— What is expected —
Please restate word for word all lines from the one containing "cropped button up top" to the final line of the entries, and include no pictures.

Short web captions:
+ + + +

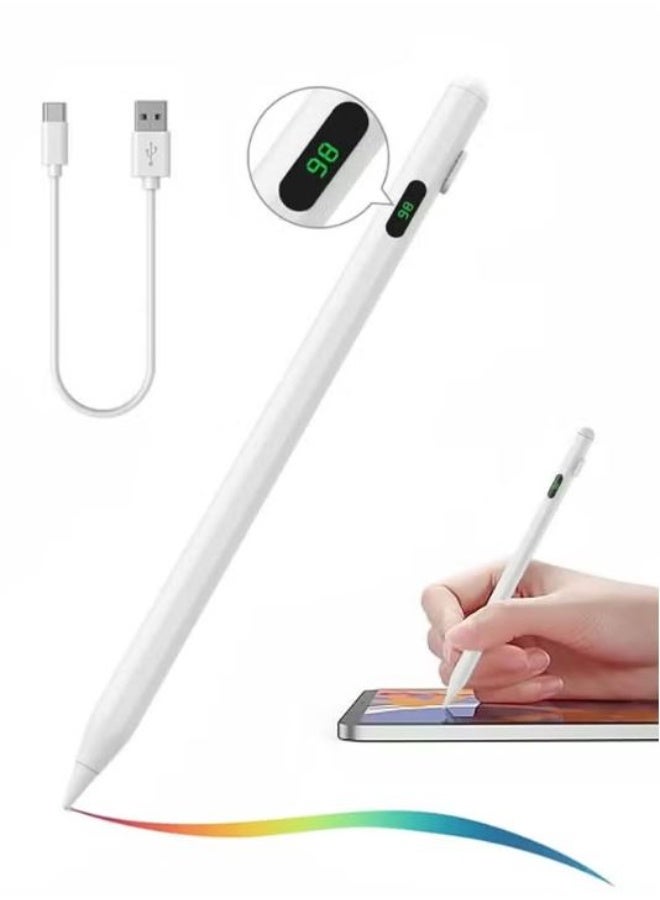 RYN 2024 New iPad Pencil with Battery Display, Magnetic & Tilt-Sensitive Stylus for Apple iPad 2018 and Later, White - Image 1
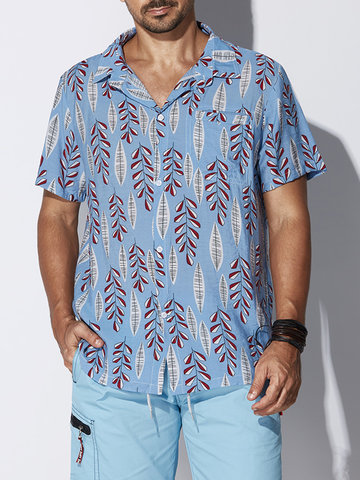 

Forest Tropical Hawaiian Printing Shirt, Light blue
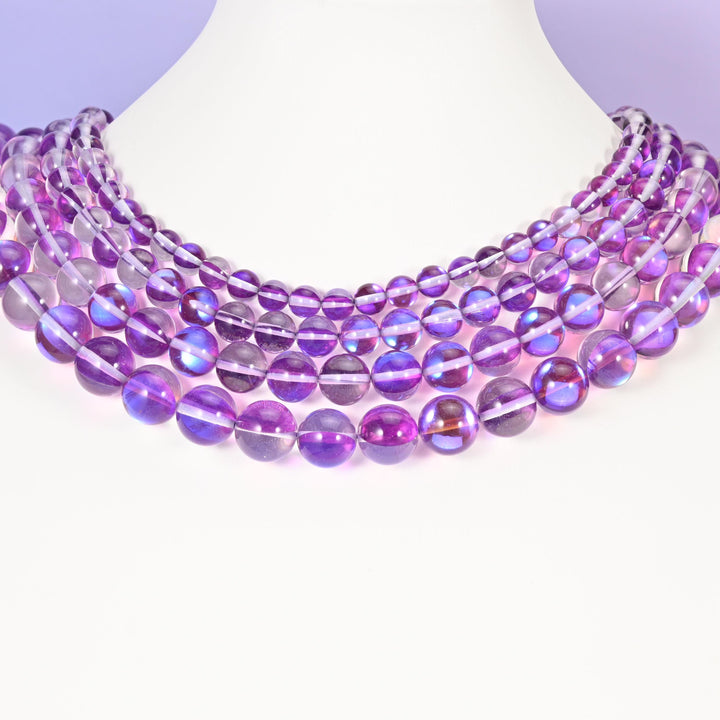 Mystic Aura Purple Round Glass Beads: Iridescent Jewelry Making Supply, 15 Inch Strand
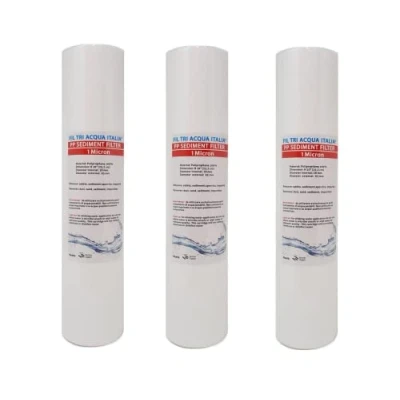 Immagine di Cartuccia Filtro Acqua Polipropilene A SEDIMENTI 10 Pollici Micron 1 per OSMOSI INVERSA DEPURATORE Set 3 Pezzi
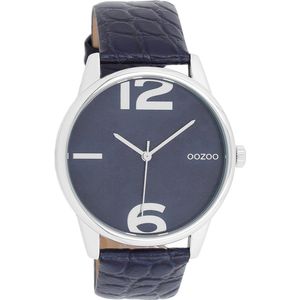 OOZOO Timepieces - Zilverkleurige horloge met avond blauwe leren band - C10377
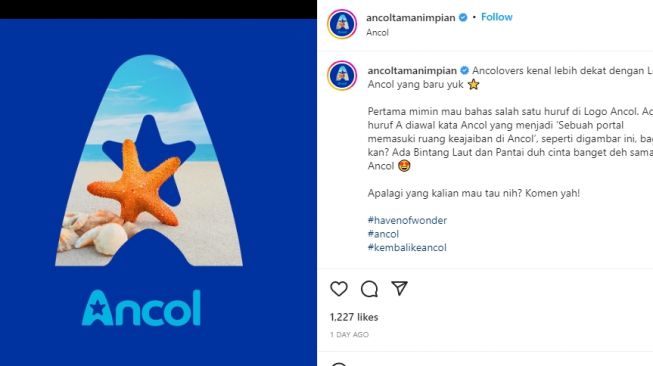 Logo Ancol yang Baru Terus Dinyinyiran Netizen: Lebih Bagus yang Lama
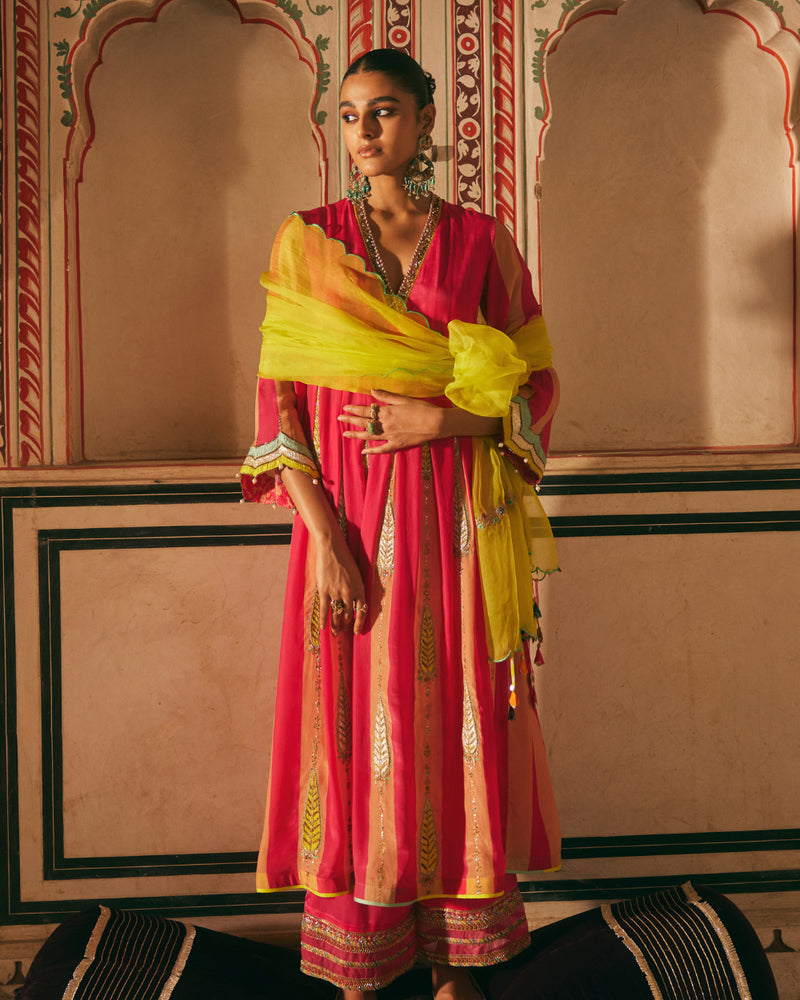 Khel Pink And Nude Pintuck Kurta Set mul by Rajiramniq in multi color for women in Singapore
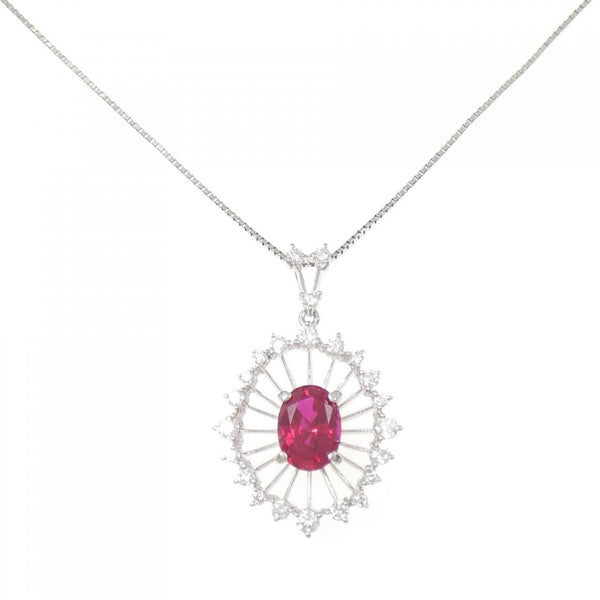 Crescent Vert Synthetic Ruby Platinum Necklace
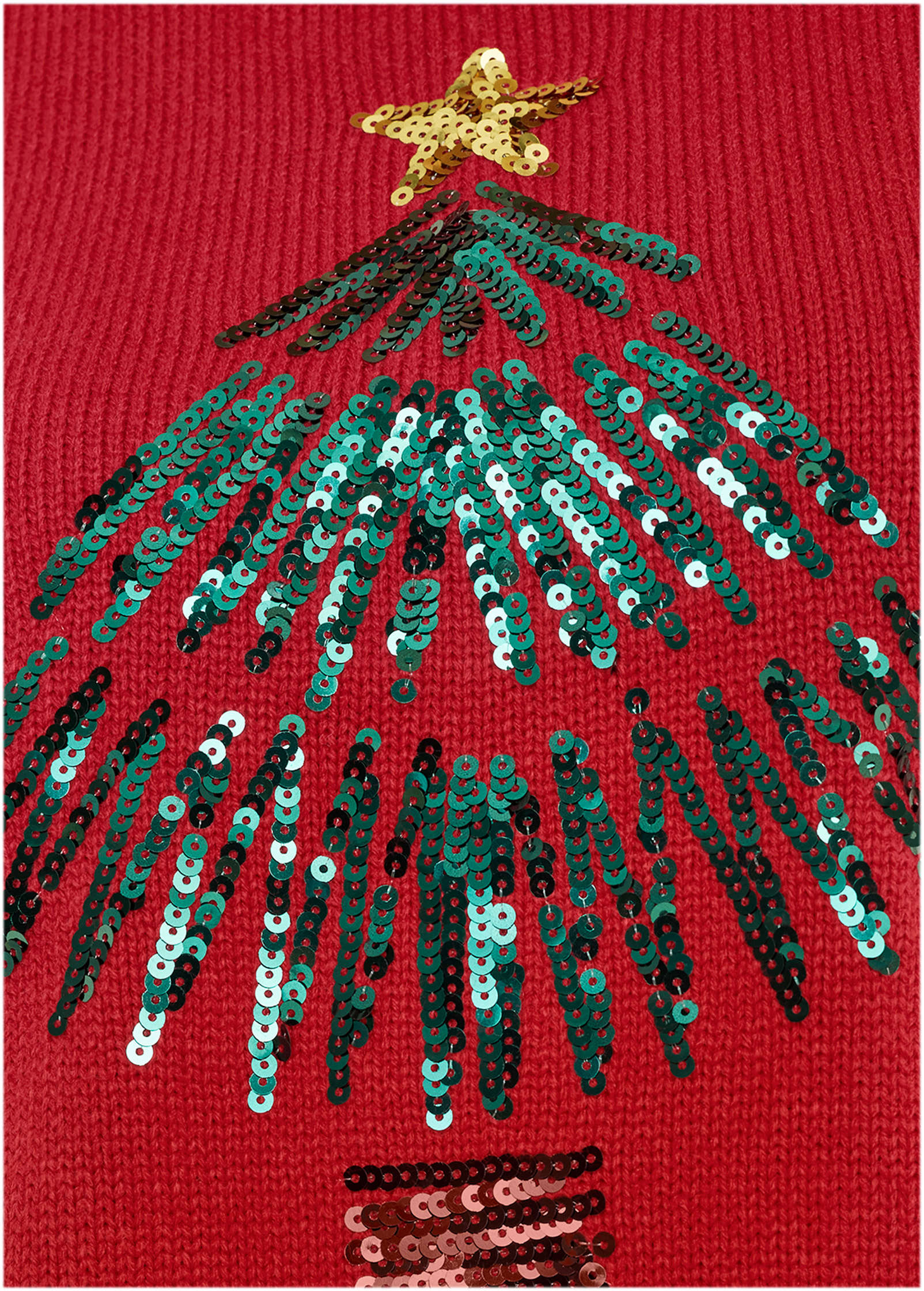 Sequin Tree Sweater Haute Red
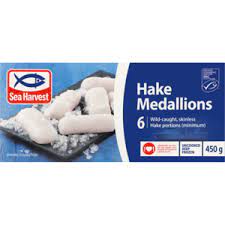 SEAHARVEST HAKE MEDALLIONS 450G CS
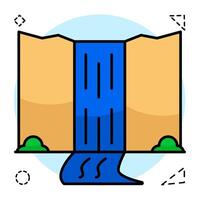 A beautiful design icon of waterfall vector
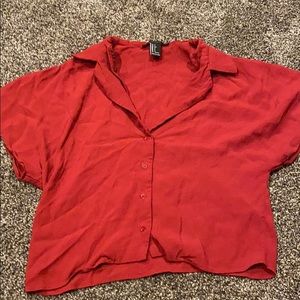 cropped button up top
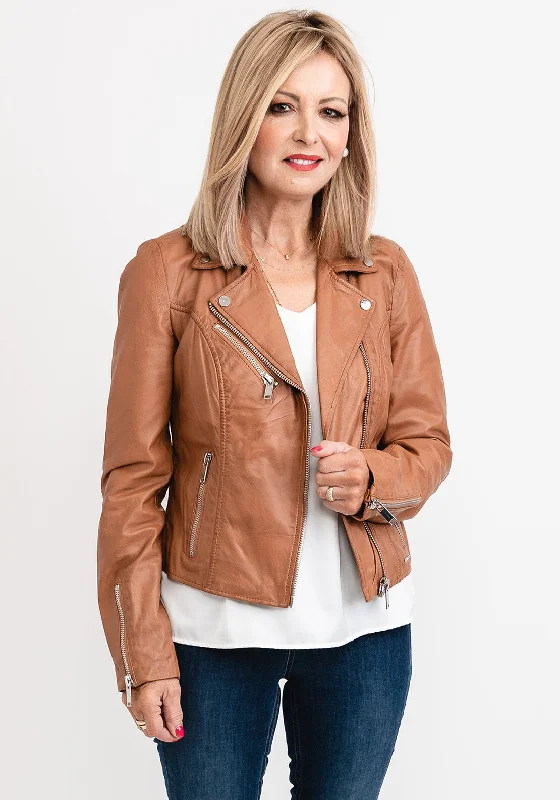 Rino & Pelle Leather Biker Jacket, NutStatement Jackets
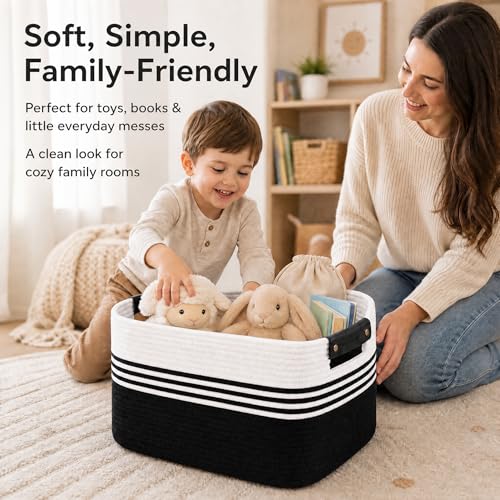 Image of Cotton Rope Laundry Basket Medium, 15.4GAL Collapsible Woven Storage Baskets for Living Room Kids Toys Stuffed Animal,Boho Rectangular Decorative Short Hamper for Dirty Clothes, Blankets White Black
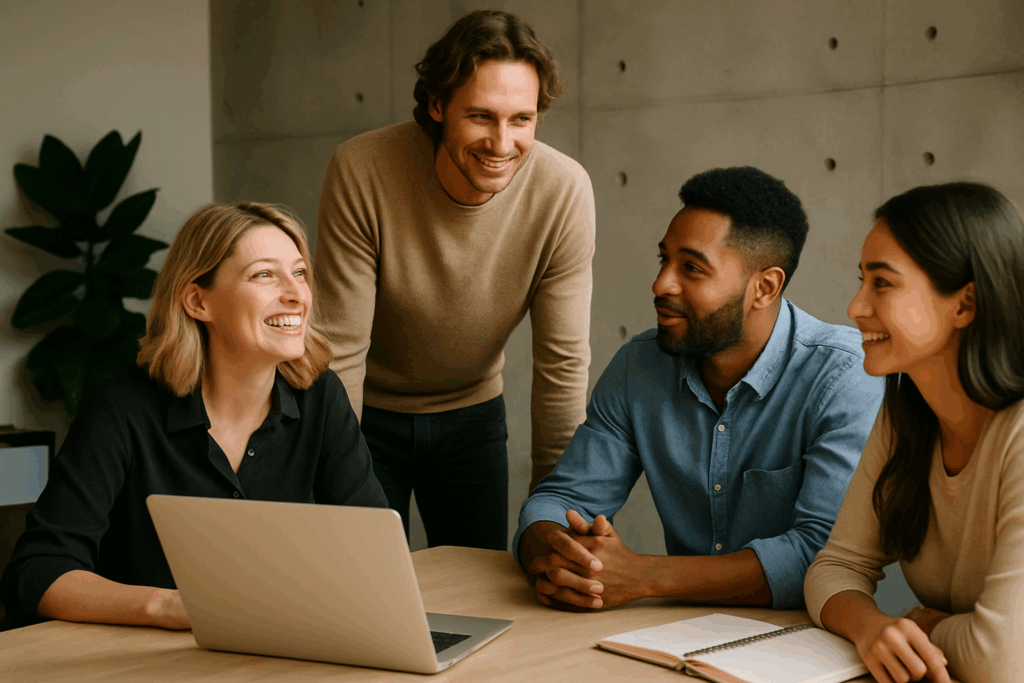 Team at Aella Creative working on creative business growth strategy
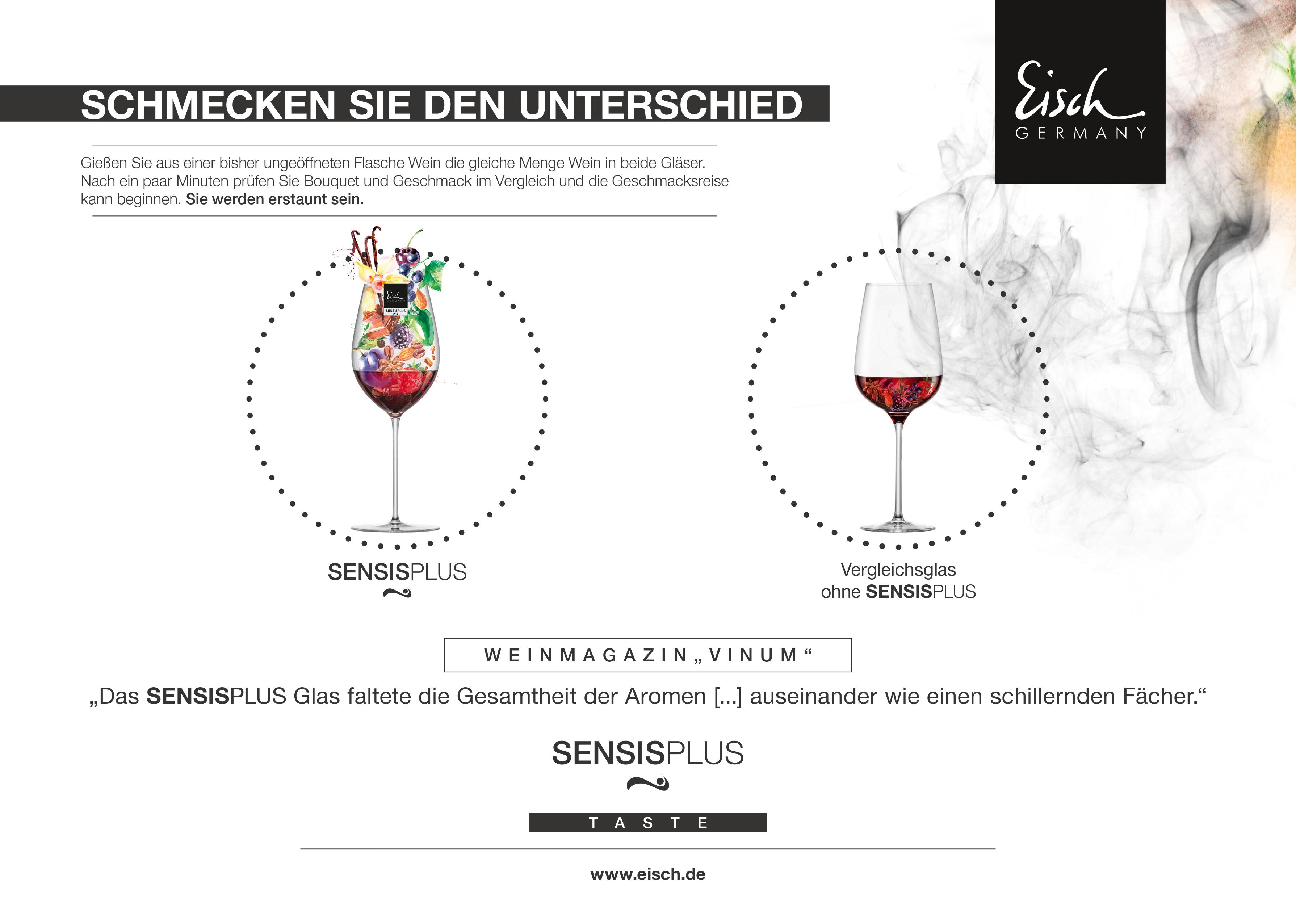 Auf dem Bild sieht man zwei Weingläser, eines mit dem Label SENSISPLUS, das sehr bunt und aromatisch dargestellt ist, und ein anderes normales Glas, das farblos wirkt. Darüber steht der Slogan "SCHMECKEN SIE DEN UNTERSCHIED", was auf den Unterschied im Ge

+ + + +

— Exercise answer —
 cropped button up top
 Rino & Pelle Leather Biker Jacket, NutStatement Jackets
 Image of Cotton Rope Laundry Basket Medium, 15.4GAL Collapsible Woven Storage Baskets for Living Room Kids Toys Stuffed Animal,Boho Rectangular Decorative Short Hamper for Dirty Clothes, Blankets White Black
 Team at Aella Creative working on creative business growth strategy
 Auf dem Bild sieht man zwei Weingläser, eines mit dem Label SENSISPLUS, das sehr bunt und aromatisch dargestellt ist, und ein anderes normales Glas, das farblos wirkt. Darüber steht der Slogan "SCHMECKEN SIE DEN UNTERSCHIED", was auf den Unterschied im Ge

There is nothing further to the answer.